Moving beyond natural cork for sparkling is taking hold, led by Australian producers
Screw-cap closures aren’t just accepted by wine drinkers in Australia. They’re the preferred option and Wine Intelligence research shows that they’re more liked than either natural cork or synthetic closures by regular wine drinkers in Australia.
It’s perhaps no surprise then that Australian producers are among the first to take the plunge with a new form of screw-cap that can seal sparkling wines. Could the sound of popping corks become as rare in Australia as the call of the critically endangered orange-bellied parrot?
Such a scenario seems a long way off. Taylors has decided to bottle just 10% of its sparkling wines with the new screw-cap, which has been developed by Guala Closures, though De Bortoli has gone further and applied the Viiva closure to its entire Trevi and Willowglen Sparkling Brut ranges.
De Bortoli believes the new closures will be particularly popular with women, and those who don’t plan to finish the entire bottle in one sitting – and have, until now, struggled to reseal it. Taylors, which started bottling all of its Rieslings with screw-caps in 2004, was one of many producers whose initial move to screw-cap was driven by concerns over cork taint.
Wine Intelligence’s Vinitrac® research shows that De Bortoli’s theory is sound: in Australia, women have a more enthusiastic view of screw-caps than men do. 53% say they like the closure, while 40% are neutral. That compares to 41% of men who like screw-caps, and 48% who don’t mind either way.
It’s not quite the same story in the USA however.
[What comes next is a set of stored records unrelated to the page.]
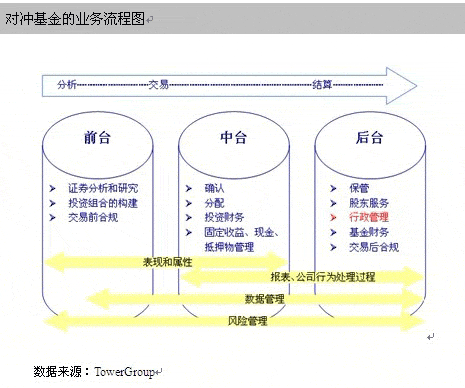 人口行政管理包括_日本行政人口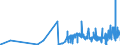 CN 36069010 /Exports /Unit = Prices (Euro/ton) /Partner: Italy /Reporter: Eur27_2020 /36069010:Ferro-cerium and Other Pyrophoric Alloys in all Forms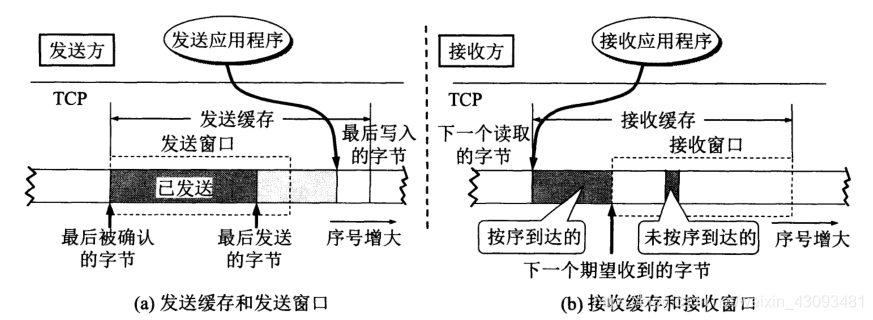 TCP cache and sliding window
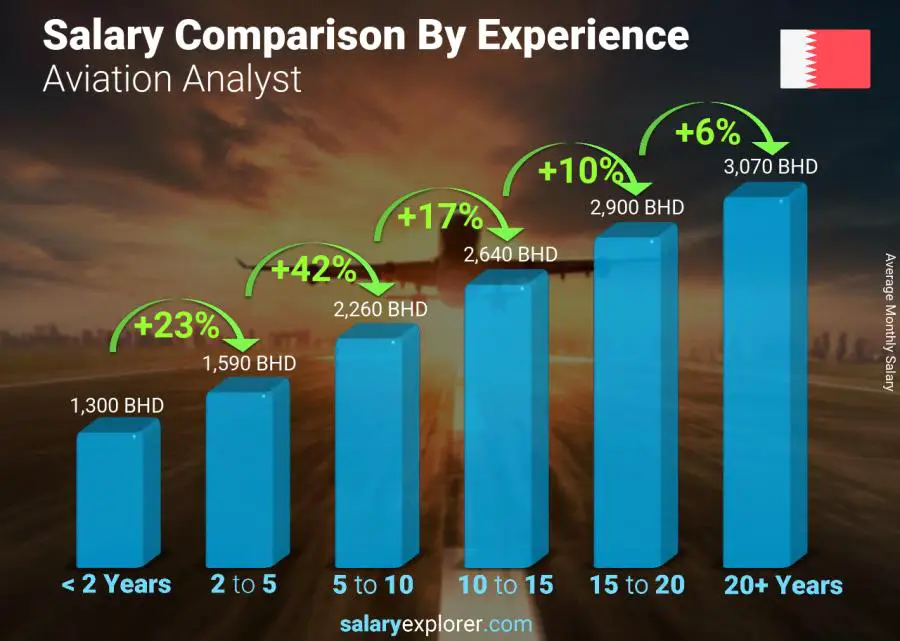 Salary comparison by years of experience monthly Bahrain Aviation Analyst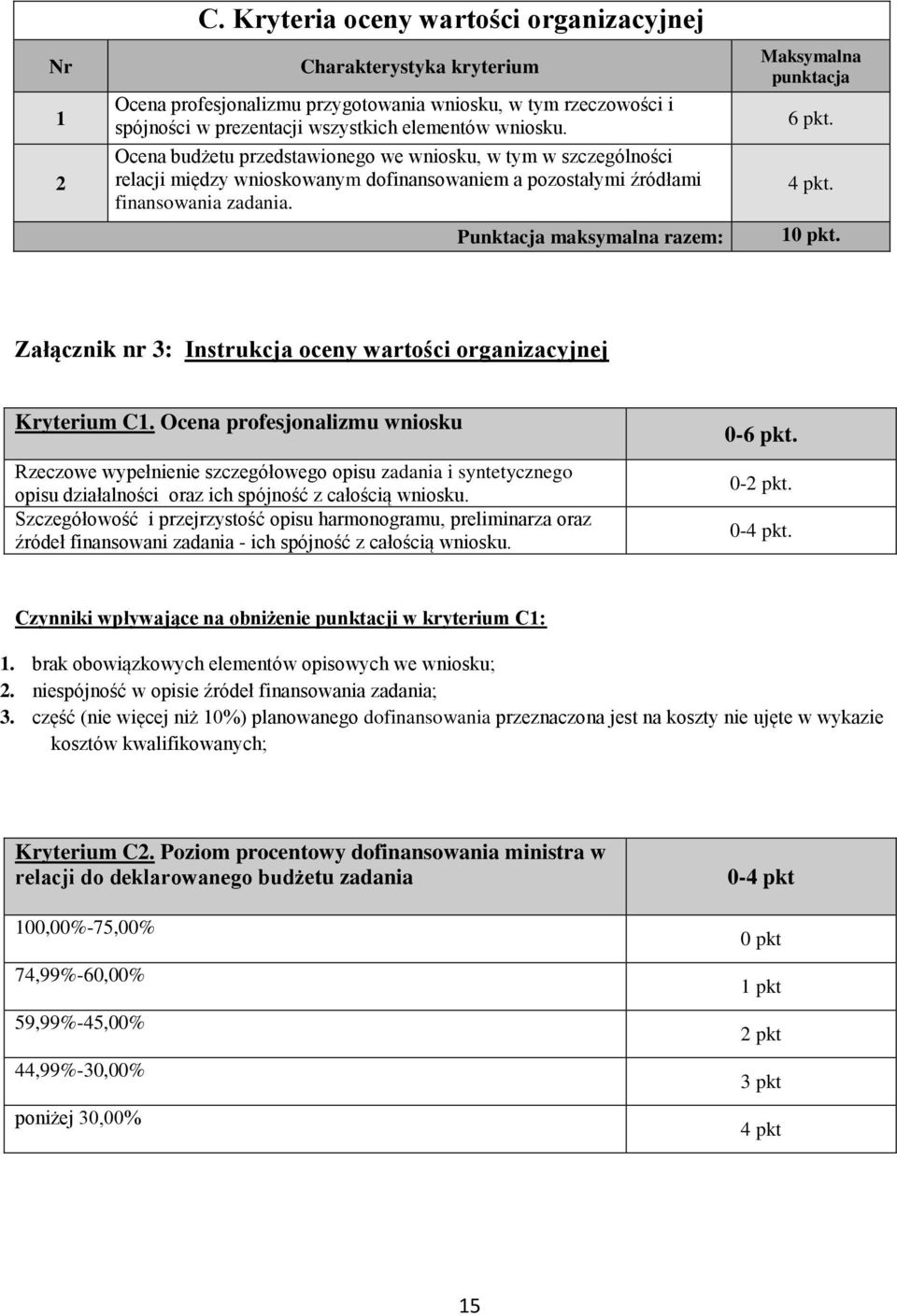 Punktacja maksymalna razem: Maksymalna punktacja 6 pkt. 4 pkt. 10 pkt. Załącznik nr 3: Instrukcja oceny wartości organizacyjnej Kryterium C1.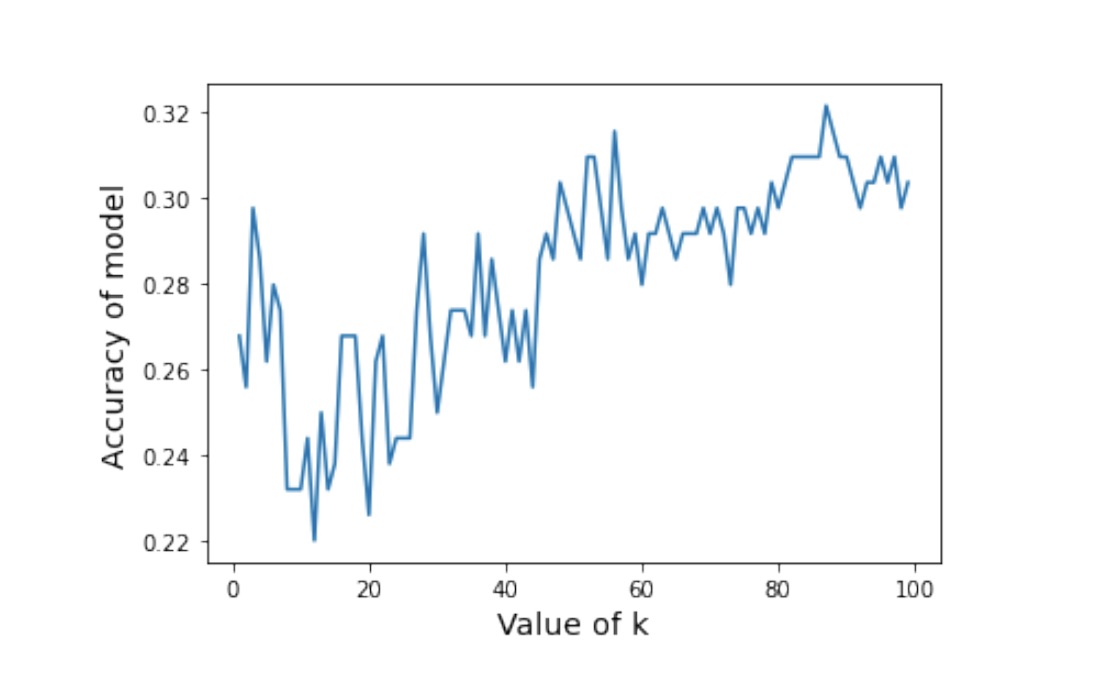 Data Science Project Graph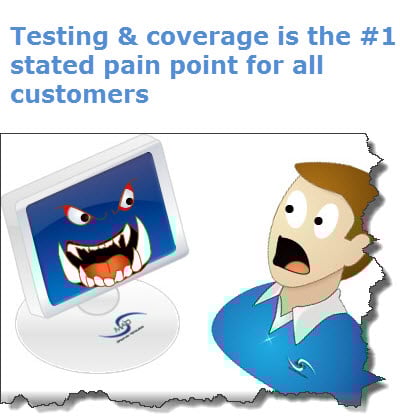 Learn Sap Testing: Create Your First Sap Test Case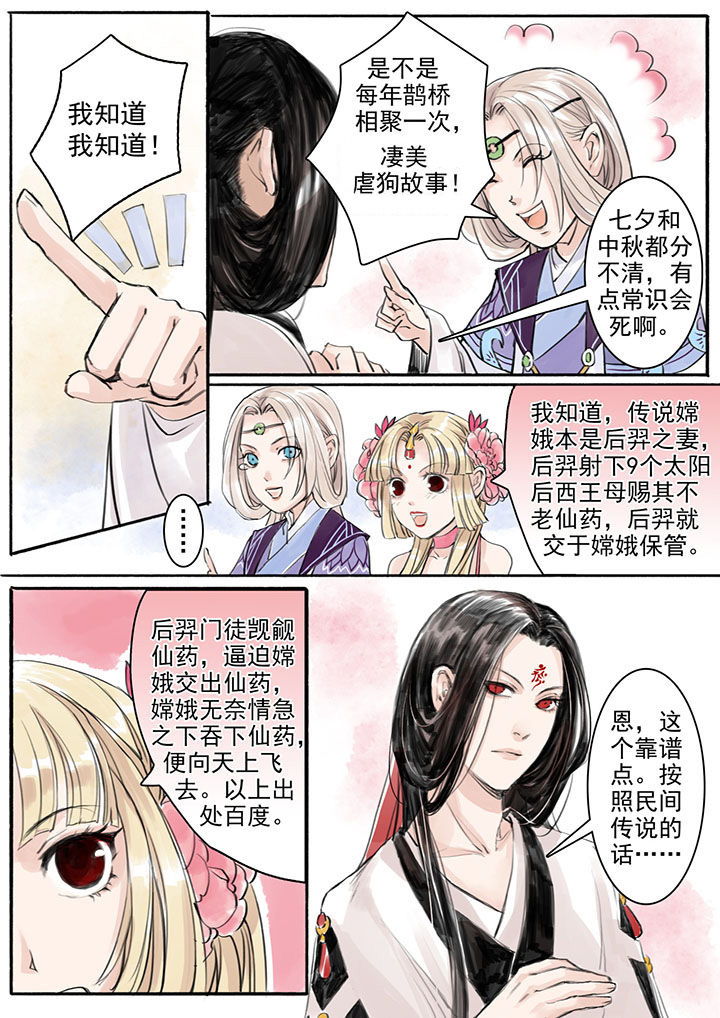 第13章：0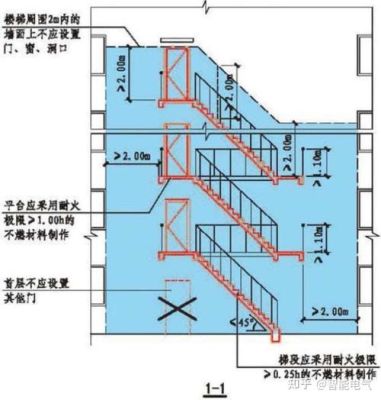 消防疏散楼梯设计规范有什么要求？（设计消防楼梯怎么设计）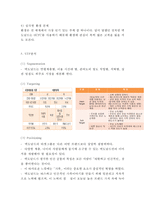 맥도날드 기업현황/ 맥도날드 마케팅전략,경영전략사례/ 맥도날드 문제점과 해결방안제안/ 맥도날드 향후전략제안-13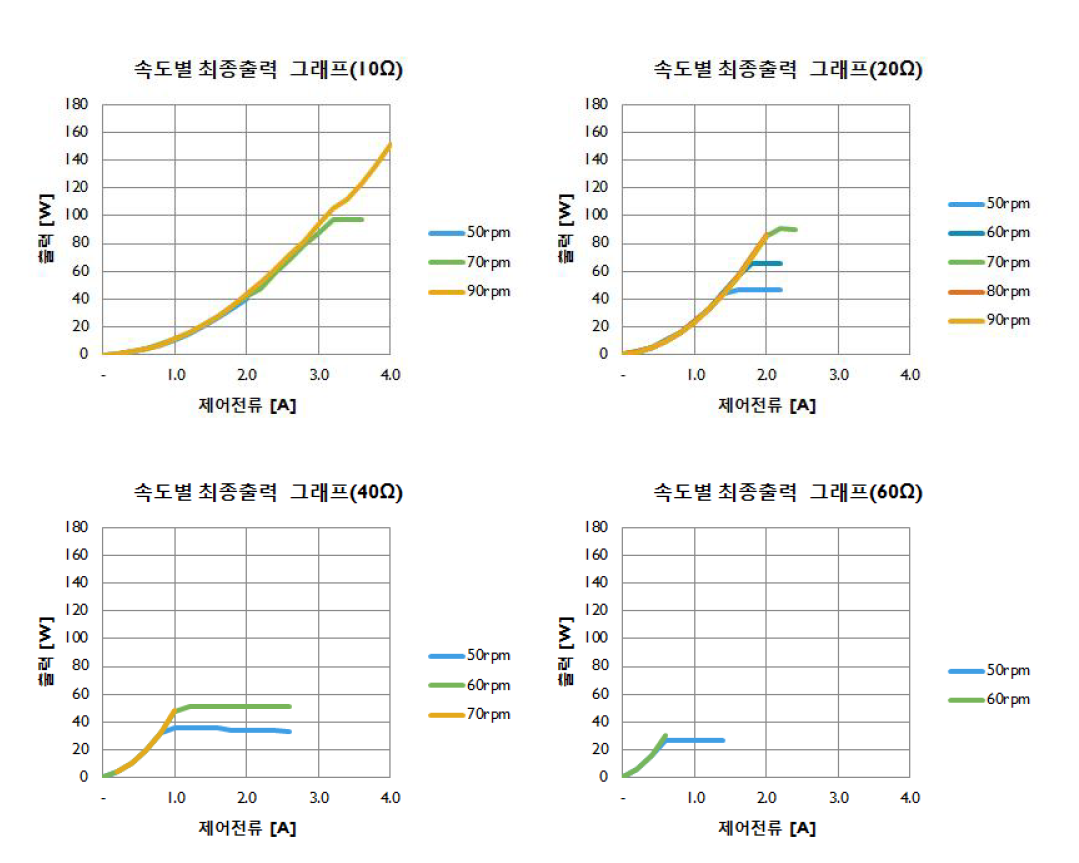 부하 저항별 제어기의 출력과 제어전류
Americans are much more open-minded about screw-caps than they used to be, but cork still reigns supreme, with only 22% of regular wine drinkers in the USA favouring screw-cap compared with 62% favouring natural cork.
Female consumers in the USA are also more in favour of screw-caps than their male counterparts with the screw-cap approval rating among women at 26%, and just 19% among men.